I recently learned how some of the larger commercial country stations determine which songs will receive airplay. Market surveys are made in which short snatches of songs are played to randomly chosen participants over the telephone. These participants are then asked to rate the song they've heard on a 1 to 5 scale with 1 signifying a high rating and 5 the lowest rating. The songs rated lowest do not receive airplay. What surprised me is that the ones rated highest are also excluded from airplay.
Researchers have determined over time that songs generating strong positive reactions in some people elicit strong negative reactions in others. This reaction would prompt people to hit that button on their car radios to select a different station. On the other hand, playing a blander selection of music encourages listeners to keep listening, at least for the short term. This is, after all, the entire point of commercial radio. Commercial stations are in the business of delivering as large an audience as possible for their advertisers. In most cases their dedication to the genre represented in their formats is entirely tied to the size of the audience generated by that genre.
Such practices will, I believe, eventually erode the vast fan base that country music currently enjoys. People don't often consciously choose to hear aural wallpaper. Sooner or later most will abandon music that lacks sufficient passion and substance.
This approach represents one extreme in the programming spectrum. At the other end of this spectrum are programmers, probably working out of college or public radio stations, who are true believers and feel their mission is educational. In old-time radio, programmers of this type may emphasize field recordings or other specialized niches on their shows.
This approach unnecessarily restricts the appeal of their shows, and limits the potential size of their audience, ultimately threatening the viability of their shows. It also does a disservice to old-time music by misrepresenting it as more narrow in scope than it really is. I'm continually amazed by how inclusive and wide-ranging old-time music is. A balance should be struck between these extremes that best fit the expectations of the potential audience, the ambitions of the station and the needs of the music showcased.

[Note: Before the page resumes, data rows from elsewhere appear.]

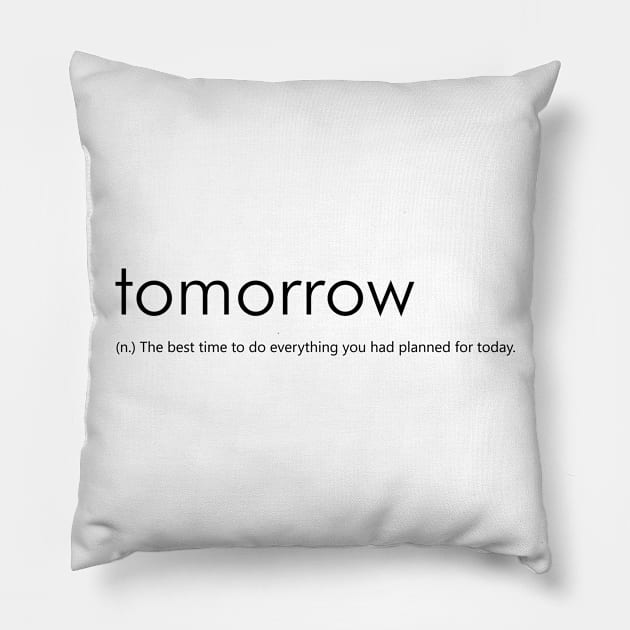 Tomorrow (Funny Definition) Pillow by Everyday Inspiration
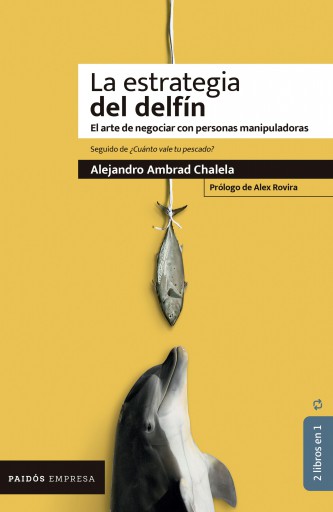 ESTRATEGIA DEL DELFÍN / ¿CÚANTO VALE TU PESCADO?, LA (EBOOK)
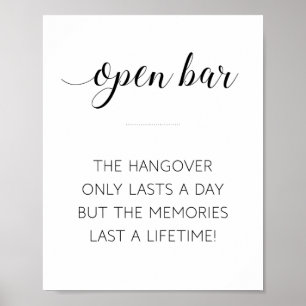 Open Bar Hangover Lasts A Day Wedding Sign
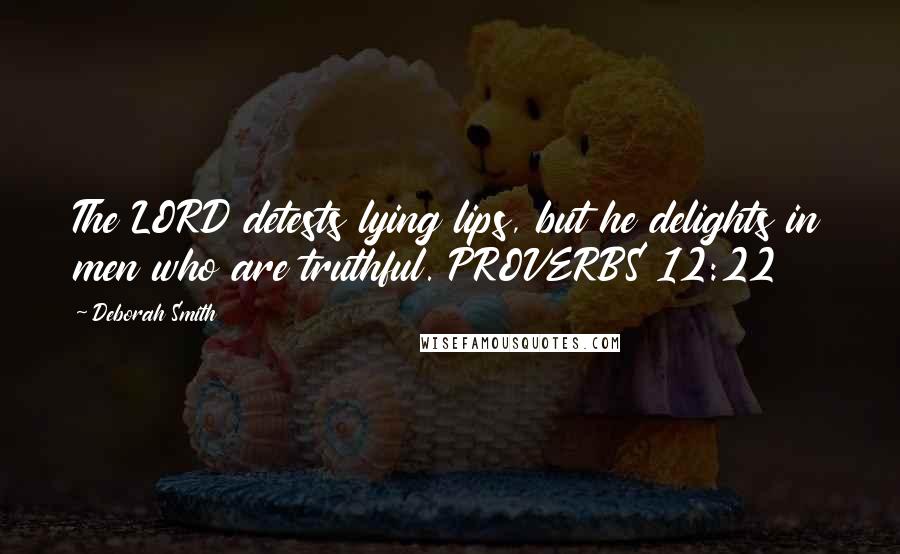 Deborah Smith Quotes: The LORD detests lying lips, but he delights in men who are truthful. PROVERBS 12:22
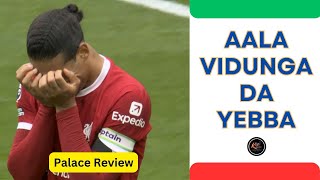 “ஆல விடுங்க டா யெப்பா” - Liverpool v Crystal Palace Review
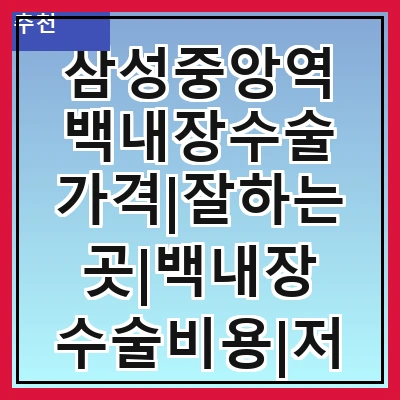 삼성중앙역 백내장수술 가격|잘하는곳|백내장 수술비용|저렴한 곳|싼곳|싸게 하는곳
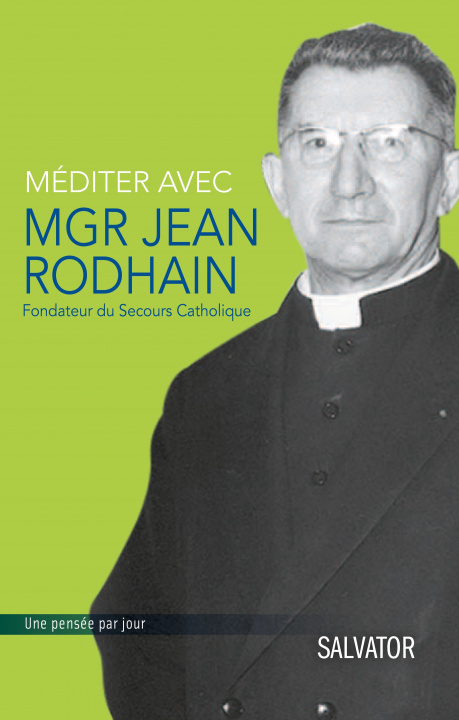 Kniha Méditer avec Mgr Jean Rodhain FAYET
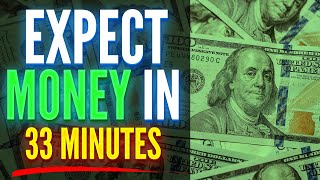 Expect Large Amounts Of Money Within 33 Minutes  ReProgram Your Mind For Money [upl. by Irish]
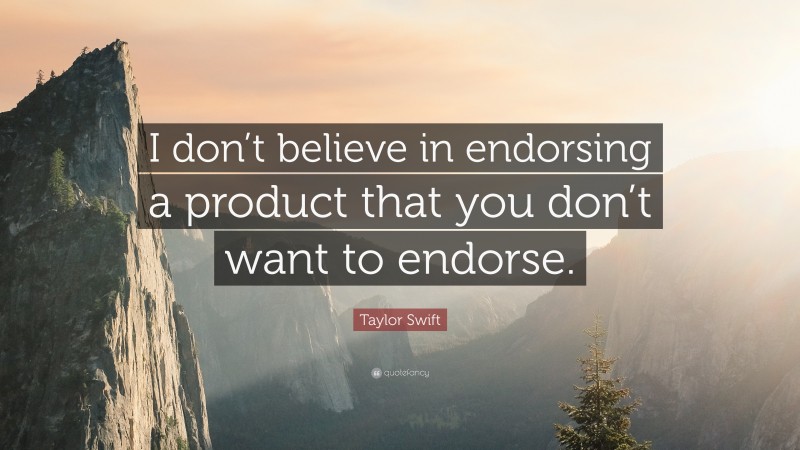 Taylor Swift Quote: “I don’t believe in endorsing a product that you don’t want to endorse.”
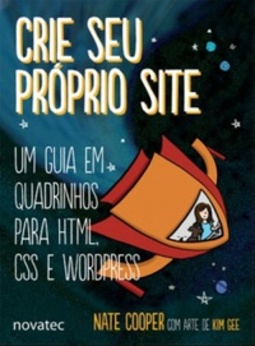 Crie seu próprio site: um guia em quadrinhos para HTML, CSS e WordPress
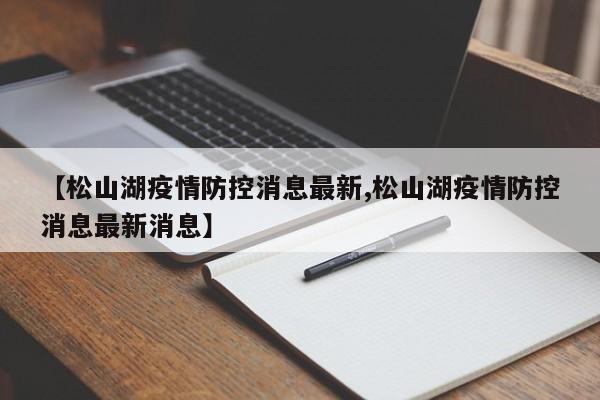 【松山湖疫情防控消息最新,松山湖疫情防控消息最新消息】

On my show I encourage feedback in the form of comments, song requests, play list requests, and music source inquiries. By planning my program in advance I can field telephone calls during the show, research the desires of my audience and craft my show accordingly. By providing easy access to the host I help to personalize my relationship with my listeners.
I vary my programming between Carter Family-style vocals, solo and group instrumental numbers spanning a full range of old-time instrumentation, new commercial performances of both traditional and original materials, archival and revival sources, home and field recordings, sacred and secular themes. . . you get the idea. In this way I can retain the interest of a broad segment of my potential audience by providing something especially appealing for them in variable intervals. At the same time my audience experiences a wide sampling of the various styles that make up old-time music.
I used to concentrate the various styles I presented into regular discrete segments in order to promote a regular listenership, even if that listenership was made up of audience segments that only tuned in to their favorite portion of the show. Now I program the show so the styles are more evenly dispersed throughout the program. My intent is to keep as many listeners as possible tuned in for the whole show or longer. In time this approach may change, too.
Individual programmers should decide what works best for their own circumstances, and what works best may well change over time. Part of the continuing challenge and excitement in radio involves this process of learning how best to serve the various constituencies that allow an old-time radio show to exist and flourish. The concerns of the station, the needs of the listeners and the programmer's responsibilities to the music are important parts of the programming process.